I think I am improving. I feel my biggest problem is my social isolation. I have few friends, and those I rarely catch up with. I have no job to go to and be around people, and am not currently studying. So, most of my time is spent alone. Too much time to think. I do have a wonderful family, but they are also my greatest trigger. However, some great therapeutic work has made it much easier to be around them. I am really looking forward to Christmas and seeing my family. I feel so alone in my hospital room for hours on end. My heart aches with grief from my past, but it is good grief. A healing kind of grief. Next year is the beginning of a new decade. I have hope it is the beginning of the best phase of my life. Even though I still have strong SI I am fighting to make that true.
I am really glad you seem to be feeling a bit better--that is fantastic. Sorry your doc didn't show, but it sounds like conditions aren't great at the beach anyway.

I once spent a very long time in the hospital. Considerably more than a year. A lot more. I had one regular visitor the entire time I was there. Very grateful for him. Holidays were tough.

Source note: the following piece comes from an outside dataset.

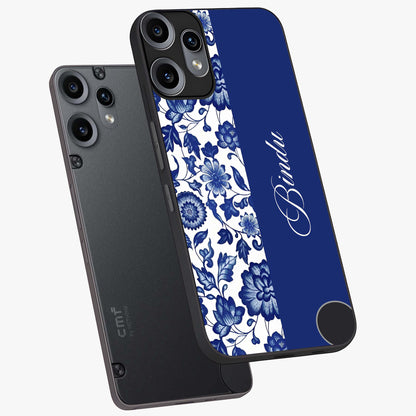 Blue Vintage Floral Pattern Glass Case displayed in angled mockup highlighting subtle bloom pattern with aesthetic pastel design.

But I made myself get busy. I wrote a book. I read many books. I exercised, even if it just meant walking the halls. I tried to get to know the staff, at least the nice ones. And most were nice. I also did what you are doing and kept in touch with people by web or text. All those things together helped me make it through.

The other thing I would suggest to you is to try to remember when you can that this is a long-term thing, not a short-term thing. Meaning, yes, it sucks that you will be in-hospital over Christmas, but you are making an investment in your future right now. What you are doing is important. So, don't forget that when you get down about being isolated in the hospital at the moment. This is just a chapter, not the whole book.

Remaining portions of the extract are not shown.